Fans in the Bay Area only wish.
Ellis had 39 points and 11 assists, Dorell Wright scored 32 points and the Warriors came back from 21 points down to stun the Orlando Magic 123-120 in overtime Friday night in a wild game that set a new record for most combined 3-pointers made.
”That’s an NBA classic right there for sure,” said Wright, who was 8 for 11 from long range.
Stephen Curry added 22 points and 12 assists, and the Warriors set a franchise record for 3-pointers made to highlight a furious second-half push that toppled the Magic in thrilling fashion. Golden State finished 21 for 35 from beyond the arc.
Jason Richardson scored 30 points and Jameer Nelson had 24 points in another underwhelming performance for the Magic against an inferior opponent.
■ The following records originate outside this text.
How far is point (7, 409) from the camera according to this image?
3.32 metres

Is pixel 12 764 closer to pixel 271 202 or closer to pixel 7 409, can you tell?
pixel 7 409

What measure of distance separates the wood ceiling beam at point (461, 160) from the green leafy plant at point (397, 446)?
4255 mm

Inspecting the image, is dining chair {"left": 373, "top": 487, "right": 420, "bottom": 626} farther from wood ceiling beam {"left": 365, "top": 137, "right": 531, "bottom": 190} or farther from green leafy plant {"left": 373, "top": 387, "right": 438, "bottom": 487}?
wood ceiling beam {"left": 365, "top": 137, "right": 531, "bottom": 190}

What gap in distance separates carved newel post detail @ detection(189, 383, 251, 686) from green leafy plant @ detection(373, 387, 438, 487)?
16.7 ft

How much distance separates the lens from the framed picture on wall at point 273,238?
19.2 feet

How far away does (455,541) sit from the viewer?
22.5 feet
Orlando was 15 for 32 from long range, making the 36 combined 3-pointers the most in league history.
The previous record was 32 set by Seattle at Phoenix on Jan. 22, 2006.
”If we can’t defend the 3-point line any better, we’ll get our (butts) kicked again,” Magic coach Stan Van Gundy said.
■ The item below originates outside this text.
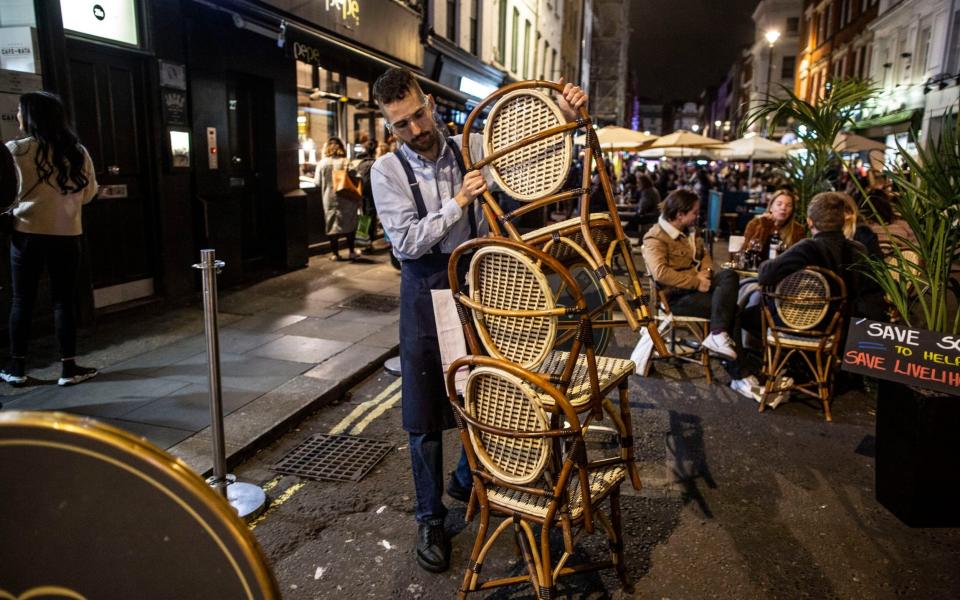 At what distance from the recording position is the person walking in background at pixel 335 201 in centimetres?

”I think we kind of looked at the scoreboard and figured we were going to be up by 20 and it was going to be a blowout game,” Richardson said. ”We just didn’t finish the game hard in the first half, and in the second half they got a little confidence and went on a run.”
The Magic wasted another lead – the same way they did in Sacramento two nights earlier, except they came back to win that one – with a poor defensive effort after the break. And by the time they tried to pull away again, it was just too late.
The Warriors couldn’t miss. Neither team could, really.
Orlando went back ahead by five in the fourth quarter when Golden State started another rally. Wright and Curry each made a 3-pointer to give Golden State a 98-94 lead with 1:48 remaining.
The teams traded baskets until Ellis turned the ball over with an errant pass that landed in the hands of Nelson. Orlando rushed up court and a wide-open Hedo Turkoglu hit a 3-pointer from the top of the arc with 8.3 seconds left to tie it.
With a final chance to win it in regulation, Dwight Howard deflected a pick-and-roll pass from Curry, and time expired in the scramble for the ball. The extra period only provided even more drama.
Ellis finished over Turkoglu with a dazzling layup, his back to the basket as he flicked it off the glass and in for a three-point play to help put Golden State ahead by four. The Magic answered over and over with big baskets of their own. Jason Richardson’s 3-pointer brought them back within a point.
Down by two in the final minute of overtime, Nelson stole the inbound pass and seemingly converted a layup for a three-point play – but Ellis forced a charging call, then made two free throws to put Golden State ahead by four.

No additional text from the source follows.